Update documents. (#6856)

* Add early stopping section to prediction doc. * Remove best_ntree_limit. * Better doxygen output.
2021-04-16 12:41:03 +08:00 · 2021-04-16 12:41:03 +08:00 · a5d7094a45
commit a5d7094a45
parent d31a57cf5f
6 changed files with 34 additions and 16 deletions
--- a/doc/prediction.rst
+++ b/doc/prediction.rst
@ -67,6 +67,18 @@ the 3-class classification dataset, and want to use the first 2 iterations of tr
 prediction, you need to provide ``iteration_range=(0, 2)``.  Then the first :math:`2
 \times 3 \times 4` trees will be used in this prediction.
 **************
 Early Stopping
 **************
 When a model is trained with early stopping, there is an inconsistent behavior between
 native Python interface and sklearn/R interfaces.  By default on R and sklearn interfaces,
 the ``best_iteration`` is automatically used so prediction comes from the best model.  But
 with the native Python interface :py:meth:`xgboost.Booster.predict` and
 :py:meth:`xgboost.Booster.inplace_predict` uses the full model.  Users can use
 ``best_iteration`` attribute with ``iteration_range`` parameter to achieve the same
 behavior.  Also the ``save_best`` parameter from :py:obj:`xgboost.callback.EarlyStopping`
 might be useful.
 *********
 Predictor
--- a/doc/python/python_intro.rst
+++ b/doc/python/python_intro.rst
@ -183,7 +183,7 @@ Early stopping requires at least one set in ``evals``. If there's more than one,
 The model will train until the validation score stops improving. Validation error needs to decrease at least every ``early_stopping_rounds`` to continue training.
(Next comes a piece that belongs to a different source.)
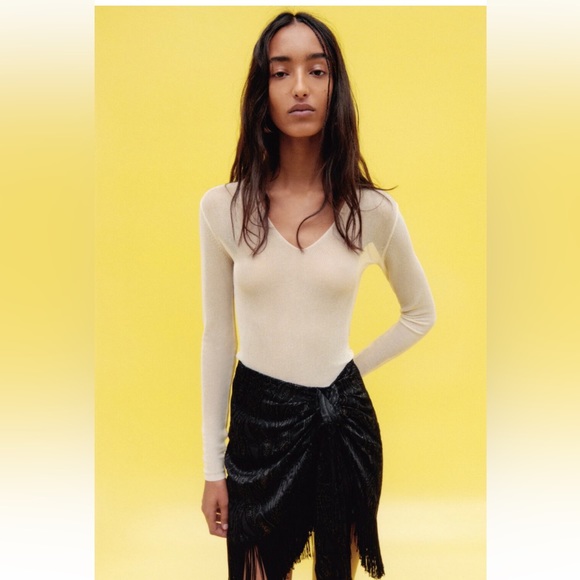 NWT Zara Printed Wrap Skirt with fringe - Picture 2 of 7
-If early stopping occurs, the model will have three additional fields: ``bst.best_score``, ``bst.best_iteration`` and ``bst.best_ntree_limit``. Note that :py:meth:`xgboost.train` will return a model from the last iteration, not the best one.
+If early stopping occurs, the model will have two additional fields: ``bst.best_score``, ``bst.best_iteration``.  Note that :py:meth:`xgboost.train` will return a model from the last iteration, not the best one.
 This works with both metrics to minimize (RMSE, log loss, etc.) and to maximize (MAP, NDCG, AUC). Note that if you specify more than one evaluation metric the last one in ``param['eval_metric']`` is used for early stopping.
@ -198,11 +198,11 @@ A model that has been trained or loaded can perform predictions on data sets.
  dtest = xgb.DMatrix(data)
  ypred = bst.predict(dtest)
-If early stopping is enabled during training, you can get predictions from the best iteration with ``bst.best_ntree_limit``:
+If early stopping is enabled during training, you can get predictions from the best iteration with ``bst.best_iteration``:
 .. code-block:: python
-  ypred = bst.predict(dtest, ntree_limit=bst.best_ntree_limit)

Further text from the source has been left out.